Griffin, J. M., Healy, F. M., Dahal, L. N., Floisand, Y., & Woolley, J. F. (2022). Worked to the bone: antibody-based conditioning as the future of transplant biology. Journal of Hematology & Oncology, 15(1), 1-21.

so that's probably a good place to start. It looks like two are in phase 3 clinical trials and another 15 or so in earlier clinical trials. You may also wish to read about reduced-intensity conditioning approaches, for example:

Giralt, S., Ballen, K., Rizzo, D., Bacigalupo, A., Horowitz, M., Pasquini, M., & Sandmaier, B. (2009). Reduced-intensity conditioning regimen workshop: defining the dose spectrum. Report of a workshop convened by the center for international blood and marrow transplant research. Biology of Blood and Marrow Transplantation, 15(3), 367-369.

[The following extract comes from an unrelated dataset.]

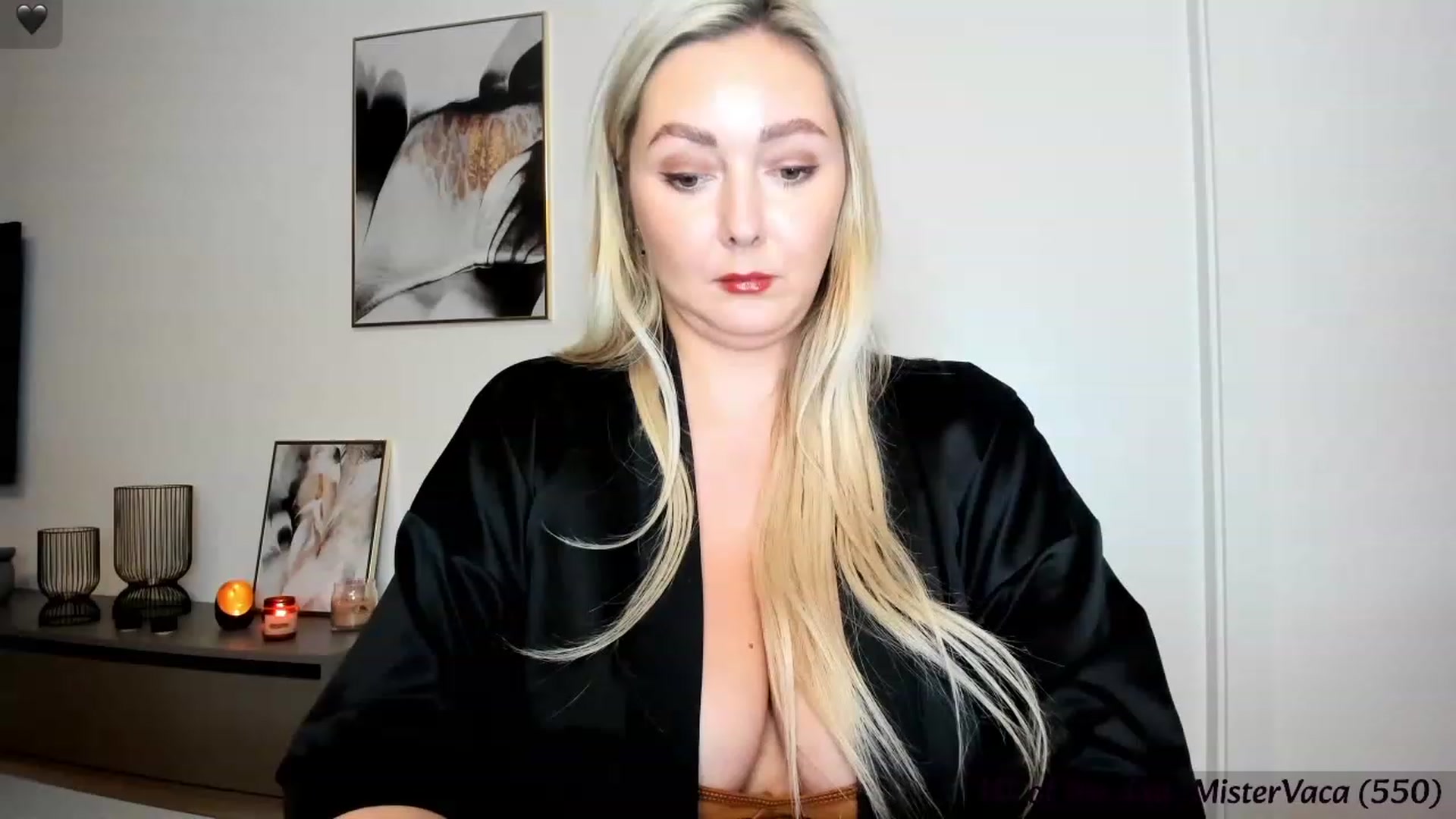Gallery image thumbnail from Mi_Ha's myfreecams stream on, 11/19/2023, 18:16 image 4 of 20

Typically, the existing conditioning paradigms used are meant to be sparing of other tissues, and while they certainly aren't perfect, these antibody-based methods aren't going to be perfect either: there's no guarantee of no effects on other cells, and no guarantee that all target cells are killed. Importantly, these transplants are typically done for treatment of cancers, and this approach will only work if the cancerous cells express the target surface marker. Traditional chemotherapeutic approaches have the benefit that their effectiveness is biased against proliferative cells, giving them a more generalized efficacy against cancer cells.